---------- Provided data

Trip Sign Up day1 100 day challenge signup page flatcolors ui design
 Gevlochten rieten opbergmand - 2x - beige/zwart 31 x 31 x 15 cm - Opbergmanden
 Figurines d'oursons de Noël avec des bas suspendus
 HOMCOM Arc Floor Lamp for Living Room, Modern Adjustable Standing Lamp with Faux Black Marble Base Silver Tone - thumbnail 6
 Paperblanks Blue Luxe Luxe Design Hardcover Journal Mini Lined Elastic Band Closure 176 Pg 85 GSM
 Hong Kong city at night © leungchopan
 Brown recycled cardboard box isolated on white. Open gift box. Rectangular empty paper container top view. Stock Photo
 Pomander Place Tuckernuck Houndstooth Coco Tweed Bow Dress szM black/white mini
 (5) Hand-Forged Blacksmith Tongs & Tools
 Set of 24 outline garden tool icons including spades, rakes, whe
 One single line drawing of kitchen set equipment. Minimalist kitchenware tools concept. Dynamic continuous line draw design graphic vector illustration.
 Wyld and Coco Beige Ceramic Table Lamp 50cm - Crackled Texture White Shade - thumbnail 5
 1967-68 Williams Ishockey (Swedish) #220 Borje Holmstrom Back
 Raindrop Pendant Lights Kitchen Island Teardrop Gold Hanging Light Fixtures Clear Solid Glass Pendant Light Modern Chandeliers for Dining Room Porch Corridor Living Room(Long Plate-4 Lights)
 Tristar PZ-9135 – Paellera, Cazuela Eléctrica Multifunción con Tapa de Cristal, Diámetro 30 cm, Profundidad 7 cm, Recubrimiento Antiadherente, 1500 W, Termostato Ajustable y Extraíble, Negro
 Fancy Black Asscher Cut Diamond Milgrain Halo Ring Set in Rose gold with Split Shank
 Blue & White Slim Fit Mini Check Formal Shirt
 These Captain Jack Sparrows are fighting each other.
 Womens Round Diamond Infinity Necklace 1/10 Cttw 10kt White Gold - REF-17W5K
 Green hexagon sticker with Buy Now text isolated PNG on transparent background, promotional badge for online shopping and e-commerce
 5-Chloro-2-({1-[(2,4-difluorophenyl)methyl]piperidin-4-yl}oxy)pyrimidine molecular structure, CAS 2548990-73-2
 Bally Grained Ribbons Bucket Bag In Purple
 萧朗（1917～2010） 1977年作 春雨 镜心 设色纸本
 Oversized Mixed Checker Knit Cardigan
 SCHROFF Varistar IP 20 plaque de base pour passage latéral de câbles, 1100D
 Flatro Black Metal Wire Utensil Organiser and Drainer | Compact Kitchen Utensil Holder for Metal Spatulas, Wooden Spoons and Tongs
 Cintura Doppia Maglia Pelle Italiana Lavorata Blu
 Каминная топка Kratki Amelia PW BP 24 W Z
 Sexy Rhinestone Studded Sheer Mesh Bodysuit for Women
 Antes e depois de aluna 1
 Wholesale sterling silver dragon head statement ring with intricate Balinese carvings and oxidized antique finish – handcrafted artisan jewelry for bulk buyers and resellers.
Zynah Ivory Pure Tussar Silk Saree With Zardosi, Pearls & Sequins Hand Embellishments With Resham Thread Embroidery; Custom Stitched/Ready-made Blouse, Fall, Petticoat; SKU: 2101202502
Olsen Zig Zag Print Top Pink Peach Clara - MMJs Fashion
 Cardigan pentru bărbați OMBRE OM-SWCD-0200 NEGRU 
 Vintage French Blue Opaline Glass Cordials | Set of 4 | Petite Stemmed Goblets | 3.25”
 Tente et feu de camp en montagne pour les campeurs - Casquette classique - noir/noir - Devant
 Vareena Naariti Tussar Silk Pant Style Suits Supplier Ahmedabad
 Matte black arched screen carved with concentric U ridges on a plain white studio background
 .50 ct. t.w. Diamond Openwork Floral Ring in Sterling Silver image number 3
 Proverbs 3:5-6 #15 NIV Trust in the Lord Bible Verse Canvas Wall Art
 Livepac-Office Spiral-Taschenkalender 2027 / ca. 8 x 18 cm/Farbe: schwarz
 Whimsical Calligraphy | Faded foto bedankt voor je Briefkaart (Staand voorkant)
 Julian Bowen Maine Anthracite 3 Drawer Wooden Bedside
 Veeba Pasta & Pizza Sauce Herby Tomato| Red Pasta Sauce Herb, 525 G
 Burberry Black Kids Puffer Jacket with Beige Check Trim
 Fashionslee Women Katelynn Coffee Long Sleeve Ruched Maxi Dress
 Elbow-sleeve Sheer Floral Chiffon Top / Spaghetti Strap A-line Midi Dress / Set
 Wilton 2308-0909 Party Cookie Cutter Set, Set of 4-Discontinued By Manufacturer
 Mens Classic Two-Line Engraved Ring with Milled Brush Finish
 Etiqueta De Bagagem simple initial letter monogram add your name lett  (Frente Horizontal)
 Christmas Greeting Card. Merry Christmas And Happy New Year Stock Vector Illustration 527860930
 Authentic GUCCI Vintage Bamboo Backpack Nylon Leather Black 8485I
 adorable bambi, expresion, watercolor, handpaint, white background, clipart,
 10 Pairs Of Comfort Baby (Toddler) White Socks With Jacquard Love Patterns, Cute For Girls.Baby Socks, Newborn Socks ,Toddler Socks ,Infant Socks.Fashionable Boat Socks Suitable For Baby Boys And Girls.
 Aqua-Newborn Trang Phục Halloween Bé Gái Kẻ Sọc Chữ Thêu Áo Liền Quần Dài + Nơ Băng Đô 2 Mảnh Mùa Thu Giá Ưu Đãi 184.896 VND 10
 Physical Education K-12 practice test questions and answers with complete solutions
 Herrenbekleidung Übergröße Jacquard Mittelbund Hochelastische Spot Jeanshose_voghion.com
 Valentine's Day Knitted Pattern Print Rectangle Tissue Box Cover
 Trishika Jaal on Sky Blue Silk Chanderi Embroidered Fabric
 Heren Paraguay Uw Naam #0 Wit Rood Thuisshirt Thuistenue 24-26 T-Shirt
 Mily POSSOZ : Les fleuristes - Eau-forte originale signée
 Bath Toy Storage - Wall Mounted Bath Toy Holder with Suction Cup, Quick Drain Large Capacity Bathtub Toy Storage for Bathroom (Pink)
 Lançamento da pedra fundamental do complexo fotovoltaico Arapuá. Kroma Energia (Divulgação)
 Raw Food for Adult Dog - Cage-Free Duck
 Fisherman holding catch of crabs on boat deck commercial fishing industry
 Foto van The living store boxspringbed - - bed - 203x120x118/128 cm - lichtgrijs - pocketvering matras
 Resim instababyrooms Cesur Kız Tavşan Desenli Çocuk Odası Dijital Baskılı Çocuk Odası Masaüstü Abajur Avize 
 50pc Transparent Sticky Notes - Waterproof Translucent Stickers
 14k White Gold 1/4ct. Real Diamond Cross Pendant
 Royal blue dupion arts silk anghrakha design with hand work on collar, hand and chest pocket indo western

--------------------

| Problem statement |
Transcribe the records in full, keeping every character as it is.

| Response to the exercise |
Trip Sign Up day1 100 day challenge signup page flatcolors ui design
 Gevlochten rieten opbergmand - 2x - beige/zwart 31 x 31 x 15 cm - Opbergmanden
 Figurines d'oursons de Noël avec des bas suspendus
 HOMCOM Arc Floor Lamp for Living Room, Modern Adjustable Standing Lamp with Faux Black Marble Base Silver Tone - thumbnail 6
 Paperblanks Blue Luxe Luxe Design Hardcover Journal Mini Lined Elastic Band Closure 176 Pg 85 GSM
 Hong Kong city at night © leungchopan
 Brown recycled cardboard box isolated on white. Open gift box. Rectangular empty paper container top view. Stock Photo
 Pomander Place Tuckernuck Houndstooth Coco Tweed Bow Dress szM black/white mini
 (5) Hand-Forged Blacksmith Tongs & Tools
 Set of 24 outline garden tool icons including spades, rakes, whe
 One single line drawing of kitchen set equipment. Minimalist kitchenware tools concept. Dynamic continuous line draw design graphic vector illustration.
 Wyld and Coco Beige Ceramic Table Lamp 50cm - Crackled Texture White Shade - thumbnail 5
 1967-68 Williams Ishockey (Swedish) #220 Borje Holmstrom Back
 Raindrop Pendant Lights Kitchen Island Teardrop Gold Hanging Light Fixtures Clear Solid Glass Pendant Light Modern Chandeliers for Dining Room Porch Corridor Living Room(Long Plate-4 Lights)
 Tristar PZ-9135 – Paellera, Cazuela Eléctrica Multifunción con Tapa de Cristal, Diámetro 30 cm, Profundidad 7 cm, Recubrimiento Antiadherente, 1500 W, Termostato Ajustable y Extraíble, Negro
 Fancy Black Asscher Cut Diamond Milgrain Halo Ring Set in Rose gold with Split Shank
 Blue & White Slim Fit Mini Check Formal Shirt
 These Captain Jack Sparrows are fighting each other.
 Womens Round Diamond Infinity Necklace 1/10 Cttw 10kt White Gold - REF-17W5K
 Green hexagon sticker with Buy Now text isolated PNG on transparent background, promotional badge for online shopping and e-commerce
 5-Chloro-2-({1-[(2,4-difluorophenyl)methyl]piperidin-4-yl}oxy)pyrimidine molecular structure, CAS 2548990-73-2
 Bally Grained Ribbons Bucket Bag In Purple
 萧朗（1917～2010） 1977年作 春雨 镜心 设色纸本
 Oversized Mixed Checker Knit Cardigan
 SCHROFF Varistar IP 20 plaque de base pour passage latéral de câbles, 1100D
 Flatro Black Metal Wire Utensil Organiser and Drainer | Compact Kitchen Utensil Holder for Metal Spatulas, Wooden Spoons and Tongs
 Cintura Doppia Maglia Pelle Italiana Lavorata Blu
 Каминная топка Kratki Amelia PW BP 24 W Z
 Sexy Rhinestone Studded Sheer Mesh Bodysuit for Women
 Antes e depois de aluna 1
 Wholesale sterling silver dragon head statement ring with intricate Balinese carvings and oxidized antique finish – handcrafted artisan jewelry for bulk buyers and resellers.
Zynah Ivory Pure Tussar Silk Saree With Zardosi, Pearls & Sequins Hand Embellishments With Resham Thread Embroidery; Custom Stitched/Ready-made Blouse, Fall, Petticoat; SKU: 2101202502
Olsen Zig Zag Print Top Pink Peach Clara - MMJs Fashion
 Cardigan pentru bărbați OMBRE OM-SWCD-0200 NEGRU 
 Vintage French Blue Opaline Glass Cordials | Set of 4 | Petite Stemmed Goblets | 3.25”
 Tente et feu de camp en montagne pour les campeurs - Casquette classique - noir/noir - Devant
 Vareena Naariti Tussar Silk Pant Style Suits Supplier Ahmedabad
 Matte black arched screen carved with concentric U ridges on a plain white studio background
 .50 ct. t.w. Diamond Openwork Floral Ring in Sterling Silver image number 3
 Proverbs 3:5-6 #15 NIV Trust in the Lord Bible Verse Canvas Wall Art
 Livepac-Office Spiral-Taschenkalender 2027 / ca. 8 x 18 cm/Farbe: schwarz
 Whimsical Calligraphy | Faded foto bedankt voor je Briefkaart (Staand voorkant)
 Julian Bowen Maine Anthracite 3 Drawer Wooden Bedside
 Veeba Pasta & Pizza Sauce Herby Tomato| Red Pasta Sauce Herb, 525 G
 Burberry Black Kids Puffer Jacket with Beige Check Trim
 Fashionslee Women Katelynn Coffee Long Sleeve Ruched Maxi Dress
 Elbow-sleeve Sheer Floral Chiffon Top / Spaghetti Strap A-line Midi Dress / Set
 Wilton 2308-0909 Party Cookie Cutter Set, Set of 4-Discontinued By Manufacturer
 Mens Classic Two-Line Engraved Ring with Milled Brush Finish
 Etiqueta De Bagagem simple initial letter monogram add your name lett  (Frente Horizontal)
 Christmas Greeting Card. Merry Christmas And Happy New Year Stock Vector Illustration 527860930
 Authentic GUCCI Vintage Bamboo Backpack Nylon Leather Black 8485I
 adorable bambi, expresion, watercolor, handpaint, white background, clipart,
 10 Pairs Of Comfort Baby (Toddler) White Socks With Jacquard Love Patterns, Cute For Girls.Baby Socks, Newborn Socks ,Toddler Socks ,Infant Socks.Fashionable Boat Socks Suitable For Baby Boys And Girls.
 Aqua-Newborn Trang Phục Halloween Bé Gái Kẻ Sọc Chữ Thêu Áo Liền Quần Dài + Nơ Băng Đô 2 Mảnh Mùa Thu Giá Ưu Đãi 184.896 VND 10
 Physical Education K-12 practice test questions and answers with complete solutions
 Herrenbekleidung Übergröße Jacquard Mittelbund Hochelastische Spot Jeanshose_voghion.com
 Valentine's Day Knitted Pattern Print Rectangle Tissue Box Cover
 Trishika Jaal on Sky Blue Silk Chanderi Embroidered Fabric
 Heren Paraguay Uw Naam #0 Wit Rood Thuisshirt Thuistenue 24-26 T-Shirt
 Mily POSSOZ : Les fleuristes - Eau-forte originale signée
 Bath Toy Storage - Wall Mounted Bath Toy Holder with Suction Cup, Quick Drain Large Capacity Bathtub Toy Storage for Bathroom (Pink)
 Lançamento da pedra fundamental do complexo fotovoltaico Arapuá. Kroma Energia (Divulgação)
 Raw Food for Adult Dog - Cage-Free Duck
 Fisherman holding catch of crabs on boat deck commercial fishing industry
 Foto van The living store boxspringbed - - bed - 203x120x118/128 cm - lichtgrijs - pocketvering matras
 Resim instababyrooms Cesur Kız Tavşan Desenli Çocuk Odası Dijital Baskılı Çocuk Odası Masaüstü Abajur Avize 
 50pc Transparent Sticky Notes - Waterproof Translucent Stickers
 14k White Gold 1/4ct. Real Diamond Cross Pendant
 Royal blue dupion arts silk anghrakha design with hand work on collar, hand and chest pocket indo western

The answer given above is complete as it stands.